Stating that “pork producers, not animal-right activists, lawmakers or regulators, should make the decisions about what production practices are best for their animals and for producing safe food,” Neil Dierks, CEO of the National Pork Producers Council, in congressional testimony on July 25 pledged the organization’s support for legislation that would prohibit a state from imposing tax or regulatory burdens on businesses, including pork operations, that are not physically present in the state.
The ‘‘No Regulation Without Representation Act of 2017,’’ H.R. 2887, introduced by Rep. James Sensenbrenner, R-Wis., would stop states from adopting laws and regulations that ban the sale of out-of-state products that don’t meet their criteria.

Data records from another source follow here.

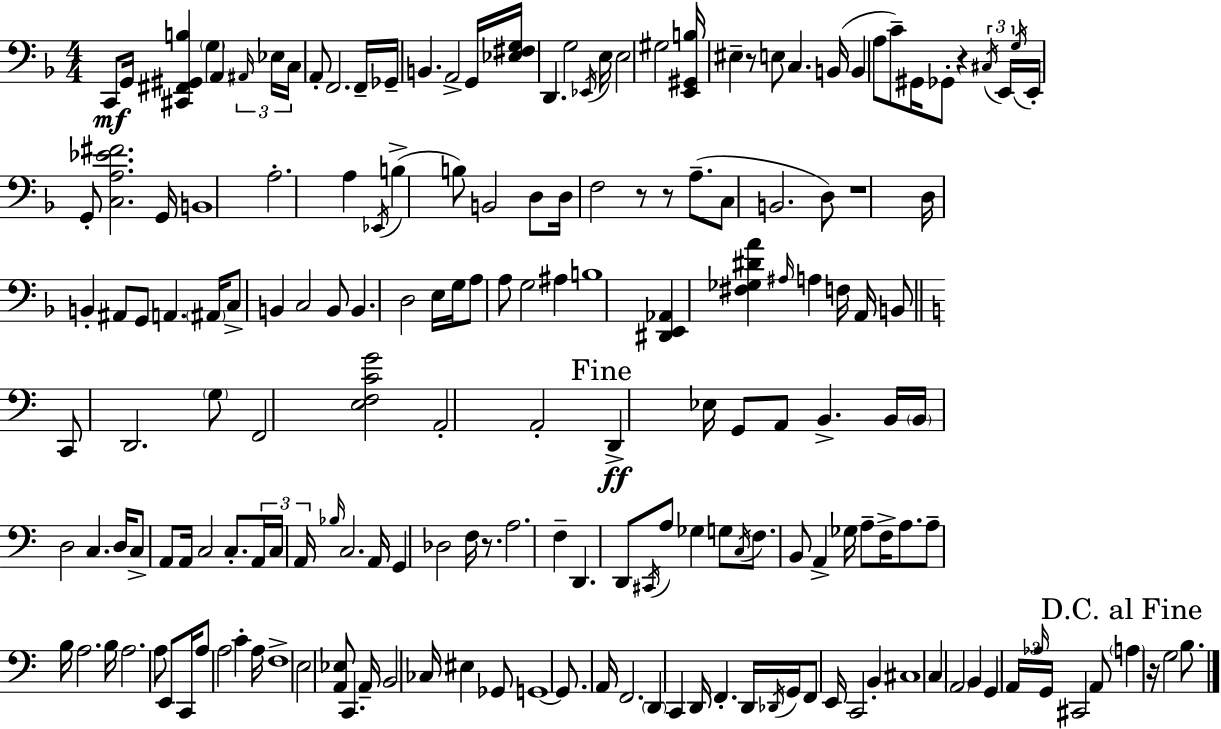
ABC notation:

X:1
T:Untitled
M:4/4
L:1/4
K:F
C,,/2 G,,/4 [^C,,^F,,^G,,B,] G, A,, ^A,,/4 _E,/4 C,/4 A,,/2 F,,2 F,,/4 _G,,/4 B,, A,,2 G,,/4 [_E,^F,G,]/4 D,, G,2 _E,,/4 E,/4 E,2 ^G,2 [E,,^G,,B,]/4 ^E, z/2 E,/2 C, B,,/4 B,, A,/2 C/2 ^G,,/4 _G,,/2 z ^C,/4 E,,/4 G,/4 E,,/4 G,,/2 [C,A,_E^F]2 G,,/4 B,,4 A,2 A, _E,,/4 B, B,/2 B,,2 D,/2 D,/4 F,2 z/2 z/2 A,/2 C,/2 B,,2 D,/2 z4 D,/4 B,, ^A,,/2 G,,/2 A,, ^A,,/4 C,/2 B,, C,2 B,,/2 B,, D,2 E,/4 G,/4 A,/2 A,/2 G,2 ^A, B,4 [^D,,E,,_A,,] [^F,_G,^DA] ^A,/4 A, F,/4 A,,/4 B,,/2 C,,/2 D,,2 G,/2 F,,2 [E,F,CG]2 A,,2 A,,2 D,, _E,/4 G,,/2 A,,/2 B,, B,,/4 B,,/4 D,2 C, D,/4 C,/2 A,,/2 A,,/4 C,2 C,/2 A,,/4 C,/4 A,,/4 _B,/4 C,2 A,,/4 G,, _D,2 F,/4 z/2 A,2 F, D,, D,,/2 ^C,,/4 A,/2 _G, G,/2 C,/4 F,/2 B,,/2 A,, _G,/4 A,/2 F,/4 A,/2 A,/2 B,/4 A,2 B,/4 A,2 A,/2 E,,/2 C,,/4 A,/2 A,2 C A,/4 F,4 E,2 [A,,_E,]/2 C,, A,,/4 B,,2 _C,/4 ^E, _G,,/2 G,,4 G,,/2 A,,/4 F,,2 D,, C,, D,,/4 F,, D,,/4 _D,,/4 G,,/4 F,,/2 E,,/4 C,,2 B,, ^C,4 C, A,,2 B,, G,, A,,/4 _A,/4 G,,/4 ^C,,2 A,,/2 A, z/4 G,2 B,/2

Massachusetts, for example, last year approved a ballot initiative that outlaws in the state the use of gestation stalls for housing sows, battery cages for egg-laying hens and crates for veal calves and prohibits the sale of out-of-state pork, eggs and veal from animals kept in the banned housing. The California Legislature in 2010 adopted a similar sales prohibition after voters in the state in 2008 approved a nearly identical ban on animal housing.
NPPC has fought such bans, which have been pushed by animal-rights groups. Nine states have banned, through legislation or ballot measures, gestation stalls, battery cages and veal crates, but only California and Massachusetts extended the bans to sales in their state of products produced anywhere in the country that don’t comply with their housing standards.
“Changes in production practices should be driven by the marketplace, not government fiats or even ballot initiatives,” Dierks told the House Committee on the Judiciary Subcommittee on Regulatory Reform, Commercial and Antitrust Law, during its hearing on the growing problem of states regulating beyond their borders.
He pointed out that, while states have the prerogative – however ill-advised or uninformed – to ban certain agriculture production practices for their farmers, they shouldn’t be allowed to adopt laws or regulations that dictate the practices of farmers in the other 49 states.
That restraint of interstate commerce, Dierks told the panel, would appear to be a violation of the U.S. Constitution’s Commerce Clause, which gives absolute power to Congress to regulate such trade.
The Sensenbrenner bill would prohibit state intrusions on the sovereignty of other states, limiting state taxation and regulation to persons and entities that have a “physical presence” in the state.